Most people who are familiar with Li Jin’s oeuvre know of what we can now refer to as his “middle period, ” a period of lush colors and succulent washes, rendering quirky homages to food and to other pleasures of the flesh, peopled with humorous figures—including self-portraits—who are variously feasting, bathing, posing amid flowering bushes, and eyeing one another.
For many years I have been talking with Li Jin about his painting, and where he would like it to go. He has had a pent-up yearning to simplify his palette to the extreme: he wished to paint in ink alone on paper. And of course, to accompany the shift in medium, it follows that there would be a change in subject. Li Jin had spent so many years thinking about this change, that when it finally came it was full-fledged. In just a few months, he already has poured enormous energy and thought into his new oeuvre.
Having been a master of all things to do with color, of color blending, of color contrasting, and so on, Li Jin now puts those exquisite sensitivities to the service of ink tones. Ink has long been described as having “five colors”—Li Jin makes this vibrantly clear. There is such a range of ink tone subtleties, it seems that perhaps the many years of working with color have given Li Jin extra sensitivity with the shades of ink. The new subjects of Li Jin’s paintings include food and people, as before.
We are led to appreciate the food in a new way: a succulent piece of meat looks just as gorgeous and tender in ink as it would have looked in colors, but the ink form has an enticing ambiguity: it could perhaps be a section of landscape. The large paintings of radish or cabbage have a presence, and even personality, that is only possible with monochrome ink. The ink figures show a different aspect of humanity than Li Jin’s earlier colorfully rendered figures do. This is the more spiritual side: figures who are exposing their insecurities, figures resembling lohans, ascetics, somewhat subdued self-portraits, and so on. Li Jin’s ink brushwork is powerful, and at this point in his career he is in masterful control. With larger, specially made brushes, he works in a daring daxieyi style, with large sweeps of brush and ink—sometimes dry, sometimes moist, sometimes both together. The superb brushwork brings the subject alive. We become aware of the language of ink, and the fresh direction in which Li Jin has taken it.
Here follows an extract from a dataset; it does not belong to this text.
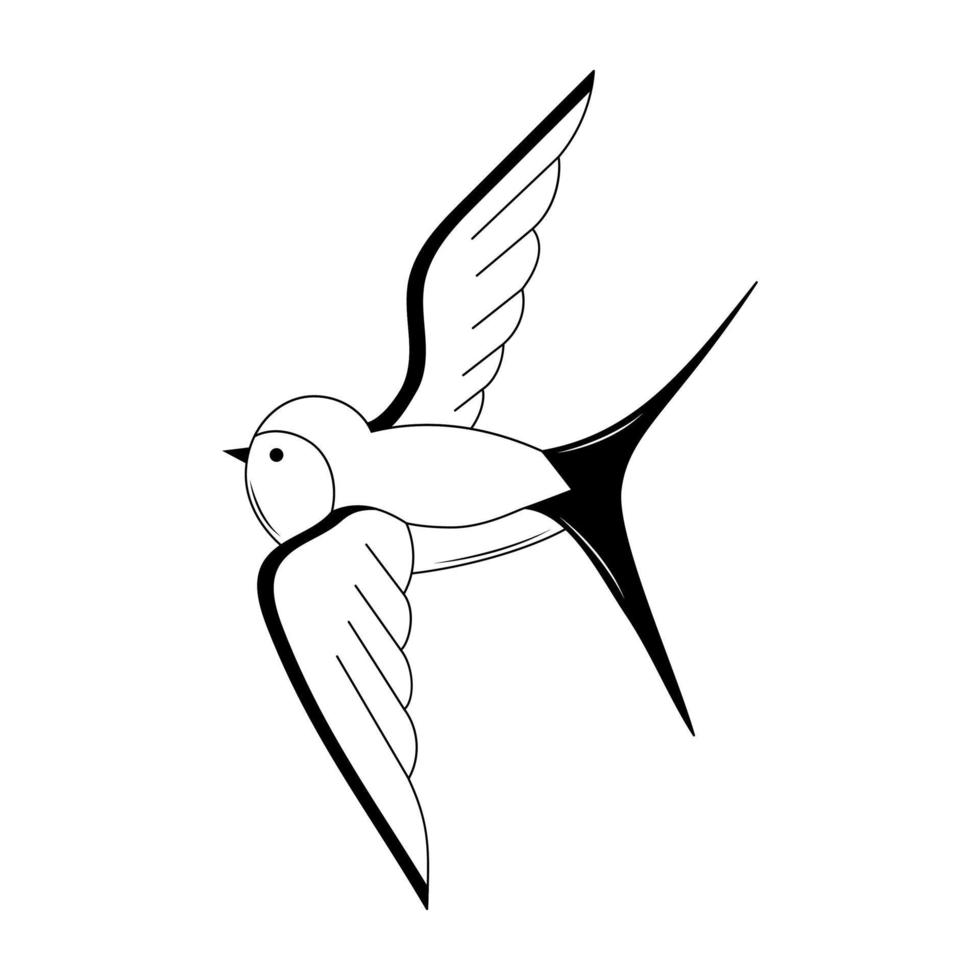 Martlet tattoo in y2k, 1990s, 2000s style. Emo goth element design. Old school tattoo. Vector illustration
In the 1980's and 1990's, Li Jin travelled to Tibet in search of an authentic life and a primal connection to nature. There he was inspired to paint aspects of daily life, as well as paintings of ink figures that are eerily reminiscent of his new ink series. Considering the early, Tibet period, and the new ink period works together, we find there is a very solid thread of continuity running through his career, and we gain a holistic view of Li Jin the artist, as well as Li Jin the thinker.